On March 19, 2020, in the ordinary course of business, we entered into a new unsecured revolving credit facility (“New Credit Facility”), replacing the facility discussed above which was to expire in April 2021. The material terms and covenants of the New Credit Facility are substantially similar to our previous credit facility.
The New Credit Facility provides that we may borrow, on a revolving credit basis, up to a maximum of $150 million at any one time, with potential to expand the total credit availability to $225 million based on consent of the issuing banks and certain other conditions. The New Credit Facility expires on March 19, 2025, and all outstanding amounts are then due and payable. Interest is variable based upon formulas tied to LIBOR or an alternate base rate defined in the New Credit Facility. In the event that LIBOR becomes unavailable or is no longer deemed an appropriate reference rate, the New Credit Facility allows for the use of a benchmark replacement rate. We must also pay facility fees that are tied to our then-applicable consolidated leverage ratio. Loans may be used for general corporate purposes. Due to the nature of its terms, when we have outstanding borrowings under the New Credit Facility, they will be classified as long-term debt.

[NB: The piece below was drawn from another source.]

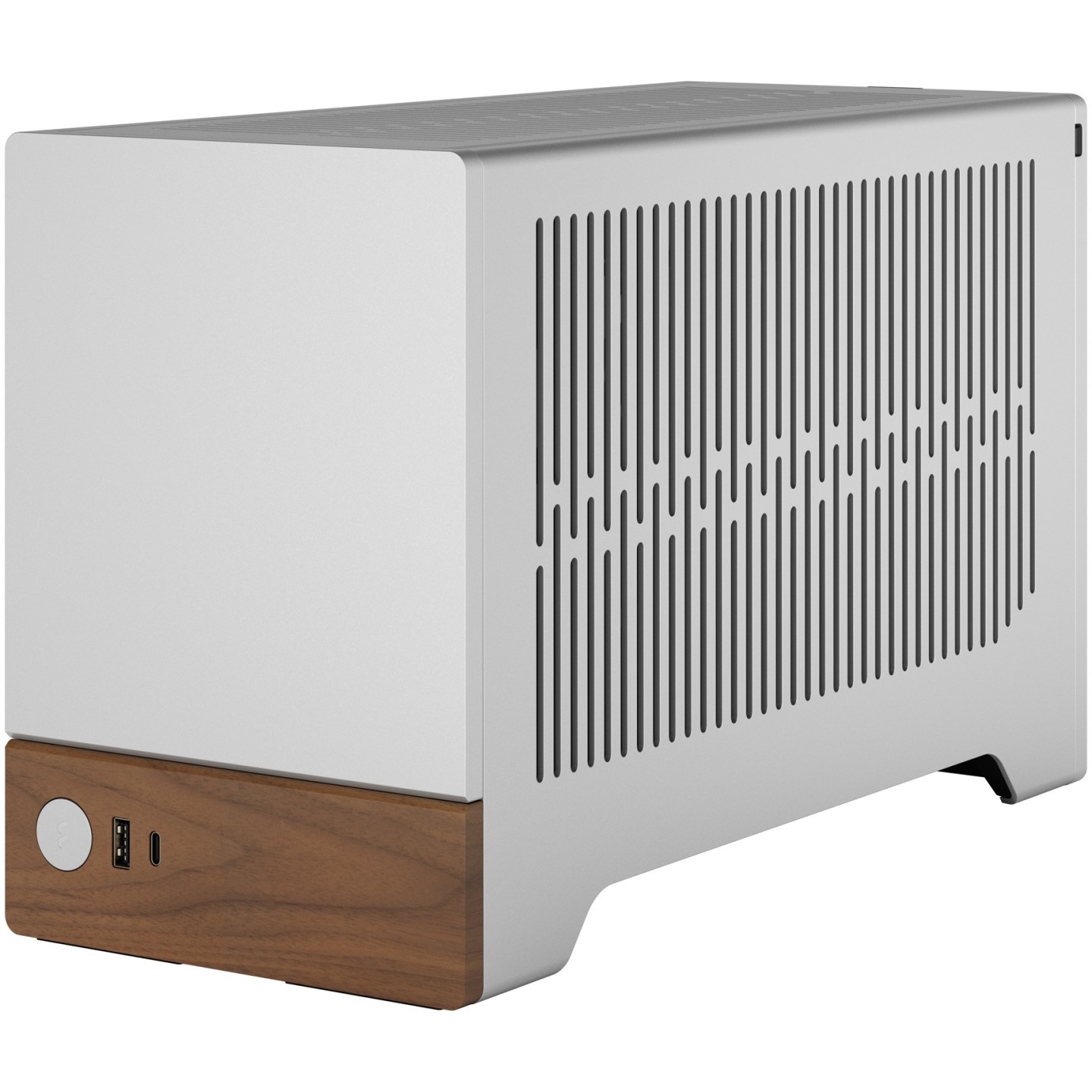 Fractal Design Terra Mini-ITX SFF Case - Silver Aluminium/Walnut (Boxed) — Buy in Cyprus with Fast Delivery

At March 31, 2020 and June 30, 2019, we had no borrowings outstanding under these facilities. At March 31, 2020 and June 30, 2019, we had $2.8 million and $5.1 million, respectively, of standby letters of credit outstanding, which reduced the amount available for borrowing under these facilities. We paid no interest for the three and nine months ended March 31, 2020 and 2019.
The New Credit Facility contains certain restrictive covenants, including limitations on indebtedness, asset sales and acquisitions. There are two principal financial covenants: an interest expense test that requires us to maintain an interest coverage ratio not less than 2.5 to 1 at the end of each fiscal quarter; and an indebtedness test that requires us to maintain a consolidated leverage ratio not greater than 3.5 to 1, subject to certain exceptions. The interest coverage ratio is calculated by dividing Consolidated EBIT by Consolidated Interest Expense, and the leverage ratio is calculated by dividing Consolidated Net Debt by Consolidated EBITDA. All financial terms used in the covenant calculations are defined more specifically in the New Credit Facility.